Saturday, October 13, 2007

Movie review: Michael Clayton (2007)

Wow, what a year 2007 has been. And it's only October. Last year, we were scraping bottom well into late November before good movies started cropping up, but 2007 has been gifted with all kinds of really good movies, from comedies (Knocked Up, Hot Fuzz, Superbad) to action (300, The Bourne Ultimatum, Transformers) to dramas (Eastern Promises, Zodiac, Rescue Dawn), and that's only to name a few. Now, we have Michael Clayton, George Clooney's latest drama-thriller.

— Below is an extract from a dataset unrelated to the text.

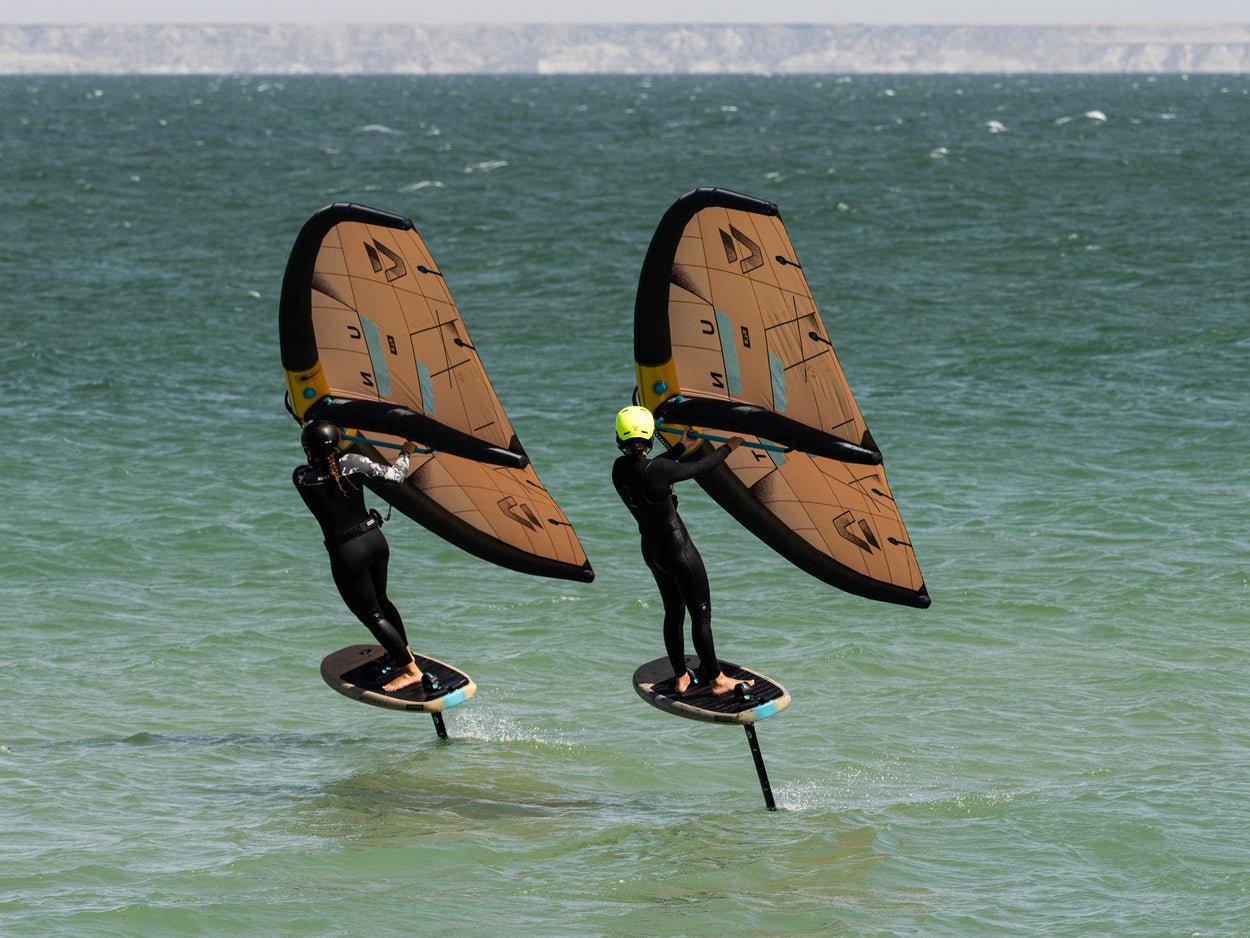 Duotone Unit SLS 2026 Wing - Worthing Watersports - 9010583275314 - Wings - Duotone Wing Foiling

Written and directed by The Bourne Ultimatum writer Tony Gilroy, Michael Clayton does for legal thrillers what the Bourne franchise did for spy flicks - take the genre to a whole new level. It's not that the legal thriller hasn't had its fair share of great successes - several John Grisham adaptations come to mind - but Gilroy's approach is certainly don't-bullshit-and-slowly-build-tension-until-it-bursts. There are some slow sections in Michael Clayton, and those expecting a fast-paced thriller might find themselves falling asleep in the first half, but those of you who have patience and know a good movie when you see it will certainly find something to campaign around. For much of the movie, you don't really know what the title character's job is, but then, when it reaches the amazing and surprisingly quick ending that it has, you realize he's been doing it all along. Michael Clayton is a movie with a few twists, or at least new directions, and a mounting sense that there will be only one winner.